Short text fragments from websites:
--------------------
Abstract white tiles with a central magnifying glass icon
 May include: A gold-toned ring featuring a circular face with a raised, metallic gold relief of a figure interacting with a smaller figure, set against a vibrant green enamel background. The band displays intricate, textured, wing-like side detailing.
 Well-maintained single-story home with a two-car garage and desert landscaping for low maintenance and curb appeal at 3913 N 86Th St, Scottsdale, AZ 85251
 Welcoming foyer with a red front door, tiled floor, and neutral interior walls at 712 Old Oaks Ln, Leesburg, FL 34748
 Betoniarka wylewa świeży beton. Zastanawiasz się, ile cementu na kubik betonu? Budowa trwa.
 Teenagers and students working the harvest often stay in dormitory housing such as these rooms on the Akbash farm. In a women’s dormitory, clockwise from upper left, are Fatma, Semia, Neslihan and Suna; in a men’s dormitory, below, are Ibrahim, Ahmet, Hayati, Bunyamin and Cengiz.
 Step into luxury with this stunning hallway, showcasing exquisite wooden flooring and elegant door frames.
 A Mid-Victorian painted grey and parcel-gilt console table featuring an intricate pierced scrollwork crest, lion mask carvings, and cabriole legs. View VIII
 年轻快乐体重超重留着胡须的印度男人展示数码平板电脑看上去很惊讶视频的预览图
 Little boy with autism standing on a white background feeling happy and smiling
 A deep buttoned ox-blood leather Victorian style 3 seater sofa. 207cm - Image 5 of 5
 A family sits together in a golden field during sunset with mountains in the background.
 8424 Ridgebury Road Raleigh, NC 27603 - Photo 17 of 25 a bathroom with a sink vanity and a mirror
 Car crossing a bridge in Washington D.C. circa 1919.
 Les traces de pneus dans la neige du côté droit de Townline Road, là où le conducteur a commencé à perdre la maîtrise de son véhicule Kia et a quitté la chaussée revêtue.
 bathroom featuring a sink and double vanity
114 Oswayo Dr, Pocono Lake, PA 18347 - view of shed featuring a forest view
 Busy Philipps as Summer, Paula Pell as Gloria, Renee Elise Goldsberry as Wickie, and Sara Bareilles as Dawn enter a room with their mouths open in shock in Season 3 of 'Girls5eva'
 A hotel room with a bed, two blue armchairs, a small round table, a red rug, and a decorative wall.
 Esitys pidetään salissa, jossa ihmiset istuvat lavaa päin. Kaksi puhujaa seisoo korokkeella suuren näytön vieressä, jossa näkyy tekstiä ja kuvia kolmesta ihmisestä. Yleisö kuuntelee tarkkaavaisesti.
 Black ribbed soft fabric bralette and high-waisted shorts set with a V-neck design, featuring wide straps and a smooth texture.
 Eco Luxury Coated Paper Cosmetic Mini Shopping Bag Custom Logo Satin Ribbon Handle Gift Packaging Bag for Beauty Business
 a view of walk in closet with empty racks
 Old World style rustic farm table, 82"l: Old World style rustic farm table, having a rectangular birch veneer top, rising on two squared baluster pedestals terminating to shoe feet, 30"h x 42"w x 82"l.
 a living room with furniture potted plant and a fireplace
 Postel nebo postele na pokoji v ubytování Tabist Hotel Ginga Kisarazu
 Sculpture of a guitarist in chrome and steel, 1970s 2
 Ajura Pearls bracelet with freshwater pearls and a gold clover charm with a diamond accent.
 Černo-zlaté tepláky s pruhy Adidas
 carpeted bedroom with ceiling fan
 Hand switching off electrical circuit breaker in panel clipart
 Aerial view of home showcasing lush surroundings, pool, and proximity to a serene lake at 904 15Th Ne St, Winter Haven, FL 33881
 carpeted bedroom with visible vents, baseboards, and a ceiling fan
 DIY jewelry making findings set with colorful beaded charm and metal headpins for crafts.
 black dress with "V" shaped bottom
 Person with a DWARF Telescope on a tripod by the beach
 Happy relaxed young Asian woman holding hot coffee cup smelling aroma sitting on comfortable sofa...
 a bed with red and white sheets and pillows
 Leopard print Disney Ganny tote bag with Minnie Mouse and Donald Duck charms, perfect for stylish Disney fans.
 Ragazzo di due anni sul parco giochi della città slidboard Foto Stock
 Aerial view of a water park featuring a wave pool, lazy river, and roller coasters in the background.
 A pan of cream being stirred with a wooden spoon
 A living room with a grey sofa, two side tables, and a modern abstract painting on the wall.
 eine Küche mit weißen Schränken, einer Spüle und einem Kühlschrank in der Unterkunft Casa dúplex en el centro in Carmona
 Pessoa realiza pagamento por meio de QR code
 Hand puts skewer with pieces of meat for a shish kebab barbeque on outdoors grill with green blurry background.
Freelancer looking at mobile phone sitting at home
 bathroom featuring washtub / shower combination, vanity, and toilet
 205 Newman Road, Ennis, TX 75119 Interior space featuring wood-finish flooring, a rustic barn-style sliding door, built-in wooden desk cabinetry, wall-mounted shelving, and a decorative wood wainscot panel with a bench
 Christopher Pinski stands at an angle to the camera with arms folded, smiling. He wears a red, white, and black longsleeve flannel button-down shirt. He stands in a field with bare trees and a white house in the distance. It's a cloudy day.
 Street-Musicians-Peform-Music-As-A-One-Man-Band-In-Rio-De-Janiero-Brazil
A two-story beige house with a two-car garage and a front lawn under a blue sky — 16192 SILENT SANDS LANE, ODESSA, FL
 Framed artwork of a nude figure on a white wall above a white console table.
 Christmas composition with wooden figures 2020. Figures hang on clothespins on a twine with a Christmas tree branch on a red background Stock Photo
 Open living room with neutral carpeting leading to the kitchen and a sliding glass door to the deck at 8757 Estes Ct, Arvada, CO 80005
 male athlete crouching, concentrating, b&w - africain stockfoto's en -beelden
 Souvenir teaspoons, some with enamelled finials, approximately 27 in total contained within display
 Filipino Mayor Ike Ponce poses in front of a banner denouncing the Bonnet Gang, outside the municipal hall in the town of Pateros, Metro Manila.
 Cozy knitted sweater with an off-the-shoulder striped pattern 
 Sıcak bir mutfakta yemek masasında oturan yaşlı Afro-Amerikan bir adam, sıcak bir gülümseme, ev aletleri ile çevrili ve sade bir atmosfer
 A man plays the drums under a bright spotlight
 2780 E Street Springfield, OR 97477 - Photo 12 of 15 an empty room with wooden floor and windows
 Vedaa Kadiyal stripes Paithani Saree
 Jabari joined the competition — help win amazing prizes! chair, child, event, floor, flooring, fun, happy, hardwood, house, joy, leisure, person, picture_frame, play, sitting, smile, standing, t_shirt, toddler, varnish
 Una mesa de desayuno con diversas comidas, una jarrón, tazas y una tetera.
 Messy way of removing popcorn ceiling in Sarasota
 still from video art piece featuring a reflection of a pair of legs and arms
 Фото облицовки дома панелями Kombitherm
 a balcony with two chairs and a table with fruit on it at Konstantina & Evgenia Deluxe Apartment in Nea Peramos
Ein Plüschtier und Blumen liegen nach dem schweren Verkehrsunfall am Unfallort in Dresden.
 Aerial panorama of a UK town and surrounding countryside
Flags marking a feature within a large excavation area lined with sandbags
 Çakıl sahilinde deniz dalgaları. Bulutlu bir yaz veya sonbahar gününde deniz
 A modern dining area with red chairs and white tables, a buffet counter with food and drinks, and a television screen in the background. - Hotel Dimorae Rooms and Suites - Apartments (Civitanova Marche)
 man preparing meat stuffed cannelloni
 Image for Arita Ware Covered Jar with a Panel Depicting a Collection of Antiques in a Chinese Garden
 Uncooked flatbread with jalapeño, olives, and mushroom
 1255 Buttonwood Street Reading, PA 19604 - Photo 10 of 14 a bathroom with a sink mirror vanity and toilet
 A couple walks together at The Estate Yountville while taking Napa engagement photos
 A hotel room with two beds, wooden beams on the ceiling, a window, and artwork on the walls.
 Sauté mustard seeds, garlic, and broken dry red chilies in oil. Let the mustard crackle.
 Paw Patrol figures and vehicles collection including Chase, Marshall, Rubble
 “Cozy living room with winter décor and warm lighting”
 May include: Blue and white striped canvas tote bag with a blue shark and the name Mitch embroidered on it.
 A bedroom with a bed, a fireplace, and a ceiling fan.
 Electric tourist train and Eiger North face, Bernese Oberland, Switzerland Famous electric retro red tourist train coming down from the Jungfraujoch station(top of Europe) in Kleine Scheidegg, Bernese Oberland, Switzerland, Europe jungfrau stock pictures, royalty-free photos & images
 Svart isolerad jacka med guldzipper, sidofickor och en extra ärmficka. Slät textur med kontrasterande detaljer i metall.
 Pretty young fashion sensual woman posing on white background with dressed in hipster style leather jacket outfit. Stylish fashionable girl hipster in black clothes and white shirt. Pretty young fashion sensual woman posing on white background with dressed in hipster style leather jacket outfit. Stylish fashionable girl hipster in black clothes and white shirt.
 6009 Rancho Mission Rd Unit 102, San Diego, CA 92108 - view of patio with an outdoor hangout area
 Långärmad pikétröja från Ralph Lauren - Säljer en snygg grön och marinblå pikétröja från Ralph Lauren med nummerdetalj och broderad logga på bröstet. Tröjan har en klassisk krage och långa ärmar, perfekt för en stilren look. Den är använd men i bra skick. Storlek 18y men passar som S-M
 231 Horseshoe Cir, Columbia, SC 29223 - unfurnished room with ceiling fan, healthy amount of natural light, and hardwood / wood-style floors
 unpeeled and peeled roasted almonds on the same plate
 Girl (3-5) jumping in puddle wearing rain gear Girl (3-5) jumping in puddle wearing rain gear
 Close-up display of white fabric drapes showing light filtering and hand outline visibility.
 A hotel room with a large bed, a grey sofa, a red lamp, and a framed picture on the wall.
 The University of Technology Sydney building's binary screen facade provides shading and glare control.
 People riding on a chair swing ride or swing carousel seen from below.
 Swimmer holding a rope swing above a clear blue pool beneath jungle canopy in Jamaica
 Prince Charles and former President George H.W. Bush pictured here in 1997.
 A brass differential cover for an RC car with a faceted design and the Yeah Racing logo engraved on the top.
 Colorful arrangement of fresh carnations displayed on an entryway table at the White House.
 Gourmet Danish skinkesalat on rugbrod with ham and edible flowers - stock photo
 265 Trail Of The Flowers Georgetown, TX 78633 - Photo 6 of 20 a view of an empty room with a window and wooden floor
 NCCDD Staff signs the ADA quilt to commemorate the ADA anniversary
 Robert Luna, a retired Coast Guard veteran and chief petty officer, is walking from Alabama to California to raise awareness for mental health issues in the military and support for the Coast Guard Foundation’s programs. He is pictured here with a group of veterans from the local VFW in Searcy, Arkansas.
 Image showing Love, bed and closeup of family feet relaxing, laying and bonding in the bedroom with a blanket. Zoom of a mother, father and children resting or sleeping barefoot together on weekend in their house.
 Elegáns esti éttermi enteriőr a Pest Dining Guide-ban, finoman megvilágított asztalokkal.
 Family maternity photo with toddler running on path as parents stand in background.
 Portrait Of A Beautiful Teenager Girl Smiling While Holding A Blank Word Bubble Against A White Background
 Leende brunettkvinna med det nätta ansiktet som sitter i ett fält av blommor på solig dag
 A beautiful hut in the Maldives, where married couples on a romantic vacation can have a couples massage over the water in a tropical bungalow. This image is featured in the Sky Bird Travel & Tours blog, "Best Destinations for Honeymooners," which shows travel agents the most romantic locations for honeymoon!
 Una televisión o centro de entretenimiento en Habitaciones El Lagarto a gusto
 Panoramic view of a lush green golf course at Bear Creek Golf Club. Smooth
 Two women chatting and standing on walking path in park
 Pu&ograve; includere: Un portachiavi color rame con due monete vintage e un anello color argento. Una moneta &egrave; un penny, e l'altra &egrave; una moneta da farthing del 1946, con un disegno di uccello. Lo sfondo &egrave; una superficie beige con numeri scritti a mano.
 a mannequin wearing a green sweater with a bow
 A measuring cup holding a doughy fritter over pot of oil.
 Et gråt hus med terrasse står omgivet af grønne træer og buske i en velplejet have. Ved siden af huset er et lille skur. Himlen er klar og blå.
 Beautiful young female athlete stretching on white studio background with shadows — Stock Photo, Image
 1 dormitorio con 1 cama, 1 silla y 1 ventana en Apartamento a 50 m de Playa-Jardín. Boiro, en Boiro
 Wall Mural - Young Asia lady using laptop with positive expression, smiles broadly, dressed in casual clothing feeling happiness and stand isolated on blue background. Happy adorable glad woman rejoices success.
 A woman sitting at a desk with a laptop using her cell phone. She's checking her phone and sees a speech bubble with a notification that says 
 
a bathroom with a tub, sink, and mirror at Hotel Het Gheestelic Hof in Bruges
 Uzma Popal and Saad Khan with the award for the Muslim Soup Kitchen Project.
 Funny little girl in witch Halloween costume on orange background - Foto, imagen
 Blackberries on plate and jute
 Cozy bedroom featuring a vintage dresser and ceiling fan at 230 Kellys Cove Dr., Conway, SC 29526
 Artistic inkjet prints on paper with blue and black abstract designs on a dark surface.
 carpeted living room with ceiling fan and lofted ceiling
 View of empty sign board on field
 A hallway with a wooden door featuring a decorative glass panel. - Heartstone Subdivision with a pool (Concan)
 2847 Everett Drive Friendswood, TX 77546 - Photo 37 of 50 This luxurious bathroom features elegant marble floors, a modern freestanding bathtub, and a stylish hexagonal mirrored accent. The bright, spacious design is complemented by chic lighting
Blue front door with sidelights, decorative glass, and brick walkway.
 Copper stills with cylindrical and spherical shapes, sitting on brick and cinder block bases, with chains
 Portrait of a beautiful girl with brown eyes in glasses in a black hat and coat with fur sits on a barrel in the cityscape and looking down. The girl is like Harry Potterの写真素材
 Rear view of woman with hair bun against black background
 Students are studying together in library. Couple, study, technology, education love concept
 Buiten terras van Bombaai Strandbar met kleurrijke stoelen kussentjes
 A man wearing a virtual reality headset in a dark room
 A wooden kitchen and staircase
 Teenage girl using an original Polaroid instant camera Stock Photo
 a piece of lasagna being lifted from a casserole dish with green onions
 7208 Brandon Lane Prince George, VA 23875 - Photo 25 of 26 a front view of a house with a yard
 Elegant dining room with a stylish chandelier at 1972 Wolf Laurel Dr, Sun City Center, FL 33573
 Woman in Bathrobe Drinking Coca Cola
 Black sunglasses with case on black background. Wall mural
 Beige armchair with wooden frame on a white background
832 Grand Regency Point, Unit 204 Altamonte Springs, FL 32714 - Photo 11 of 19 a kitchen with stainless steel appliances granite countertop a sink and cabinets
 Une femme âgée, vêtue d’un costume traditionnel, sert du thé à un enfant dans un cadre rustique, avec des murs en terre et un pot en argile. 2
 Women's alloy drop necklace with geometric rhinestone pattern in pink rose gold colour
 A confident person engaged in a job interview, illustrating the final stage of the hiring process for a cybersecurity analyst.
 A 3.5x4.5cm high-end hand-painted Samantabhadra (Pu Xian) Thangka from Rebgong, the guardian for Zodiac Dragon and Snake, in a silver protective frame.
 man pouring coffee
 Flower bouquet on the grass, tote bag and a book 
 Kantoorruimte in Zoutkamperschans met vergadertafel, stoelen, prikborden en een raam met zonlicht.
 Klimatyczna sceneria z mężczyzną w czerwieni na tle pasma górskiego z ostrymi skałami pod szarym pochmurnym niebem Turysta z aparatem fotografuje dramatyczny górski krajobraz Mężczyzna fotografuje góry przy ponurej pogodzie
--------------------
WORK INSTRUCTION:
After locating the line with "2847 Everett Drive" above, return that line and every later line through the one with "Rear view of", word for word and with nothing else.

WRITTEN SOLUTION:
 2847 Everett Drive Friendswood, TX 77546 - Photo 37 of 50 This luxurious bathroom features elegant marble floors, a modern freestanding bathtub, and a stylish hexagonal mirrored accent. The bright, spacious design is complemented by chic lighting
Blue front door with sidelights, decorative glass, and brick walkway.
 Copper stills with cylindrical and spherical shapes, sitting on brick and cinder block bases, with chains
 Portrait of a beautiful girl with brown eyes in glasses in a black hat and coat with fur sits on a barrel in the cityscape and looking down. The girl is like Harry Potterの写真素材
 Rear view of woman with hair bun against black background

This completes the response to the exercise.